Há algo de imediato e visceral no mito do Minotauro, um herói entra num labirinto, encontra uma criatura que é metade homem, metade touro, e volta transformado. A imagem pega rápido porque fala de coragem, de deslize entre civilização e bestialidade, e, sobretudo, de um encontro que toda pessoa precisa experimentar consigo mesma: Olhar o próprio monstro nos olhos.
Quando lemos o mito com lentes psicanalíticas, o labirinto costuma representar o inconsciente, um espaço complexo, escuro, cheio de passagens que nos confundem, onde memórias, desejos e medos andam enrolados. Entrar no labirinto é atravessar camadas de defesa, as justificativas, as repetições de comportamento, os roteiros emocionais que repetimos sem querer, até chegar ao núcleo onde mora aquilo que tememos mais, o Minotauro. Essa leitura não é invenção nova, já é uma abordagem frequente nas interpretações psicológicas do mito.
O Minotauro, por sua vez, é uma figura ambígua. É fruto de uma união proibida de Pasífae1 e o touro e, por isso, pode ser lido como uma parte de nós que nasceu de um conflito não resolvido: Pulsões que foram estigmatizadas, raivas que foram proibidas e que acabaram se cristalizando num “bicho” interior. Em psicanálise, esse “bicho” não é simplesmente mau, é uma energia com funções, memórias e sentido. A tarefa é reconhecê-lo, entender de onde veio e, se possível, reintegrá-lo sem negar nossa humanidade.
Pensar em Teseu e no fio de Ariadne nos leva a outro ponto essencial, não se entra no labirinto totalmente sozinho. O fio é um símbolo poderoso da mediação, amor, vínculo, linguagem, ou uma técnica de terapia, que permite percorrer o próprio inconsciente e, ainda assim, voltar com direção. Em termos práticos, confrontar um trauma ou uma compulsão sem suporte é perigoso, fazer isso com uma rede de segurança, como por exemplo um terapeuta, um amigo, um ritual ou um método, transforma a aventura numa travessia possível.
Como isso se dá na vida real?
Imagine alguém que repete relacionamentos abusivos. A cada vez, uma parte sua se torna mais dura, mais desconfiada, o “touro” que reage com fúria ou fuga. A entrada no labirinto é iniciar um processo de autoconhecimento, mapear quando esses padrões começaram, quais emoções são acionadas, quais pensamentos justificam o comportamento. O encontro com o Minotauro é o momento em que, em vez de negar a raiva ou sufocá-la, você a observa, sem ser engolido por ela. Nem aniquilar o sentimento, nem se fundir com ele, o processo passa por reconhecer, nomear, colocar limites conscientes. Essa é a coragem que o mito destaca.
Do ponto de vista prático e terapêutico, há passos que reverberam com a metáfora:
- Preparar-se – Estabilizar sono, rede de apoio, recursos emocionais;
- Mapear – Identificar gatilhos e memórias;
- Entrar – Aceitar sentir sem agir impulsivamente;
- Confrontar – Trabalhar com o conteúdo, seja por narrativa, imaginação guiada, análise;
- Retornar – Integrar o aprendizado e criar novos hábitos.

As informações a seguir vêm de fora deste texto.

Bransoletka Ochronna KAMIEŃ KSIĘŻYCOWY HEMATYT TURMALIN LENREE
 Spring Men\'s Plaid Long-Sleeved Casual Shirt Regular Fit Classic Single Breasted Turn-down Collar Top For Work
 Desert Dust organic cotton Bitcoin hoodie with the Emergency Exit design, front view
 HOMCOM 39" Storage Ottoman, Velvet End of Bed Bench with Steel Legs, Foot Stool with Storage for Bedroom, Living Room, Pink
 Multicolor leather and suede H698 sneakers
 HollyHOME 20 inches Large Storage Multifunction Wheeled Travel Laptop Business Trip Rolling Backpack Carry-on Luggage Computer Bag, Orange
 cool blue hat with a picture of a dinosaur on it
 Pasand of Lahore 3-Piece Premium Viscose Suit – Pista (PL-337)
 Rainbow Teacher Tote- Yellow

Cada um desses passos equivale a um trecho do percurso no labirinto, nenhum é pirotécnico, todos são lentos e profundamente humanos.
É importante lembrar que “matar” o Minotauro não significa eliminar partes de si, isso seria outra forma de violência interna. Significa domar, compreender e inventar uma relação nova com aquilo que antes nos dominava. Na melhor das hipóteses, o que era monstruoso vira fonte de energia transformada, a raiva vira limite, a impulsividade vira criatividade, o medo vira cuidado estratégico. O herói que volta não é apenas o que vence uma fera, é o que aprendeu a andar com ela sem ser arrastado.
Por fim, o mito oferece um convite: Coragem não é ausência de medo, é a decisão de entrar no próprio labirinto com um fio na mão e alguém confiável ao lado. Não há pressa. Não há vergonha em precisar de ajuda. E, quando a saída aparece, não é o fim da história, mas o começo de outras escolhas, porque conhecer nossos monstros nos dá escolhas mais autênticas sobre como viver.
Paz e luz.
1 – Pasífae é uma figura proeminente da mitologia grega, conhecida como a rainha de Creta e mãe do Minotauro. Ela era filha do deus-sol Hélios e da ninfa Perseis, e tinha a famosa feiticeira Circe como irmã.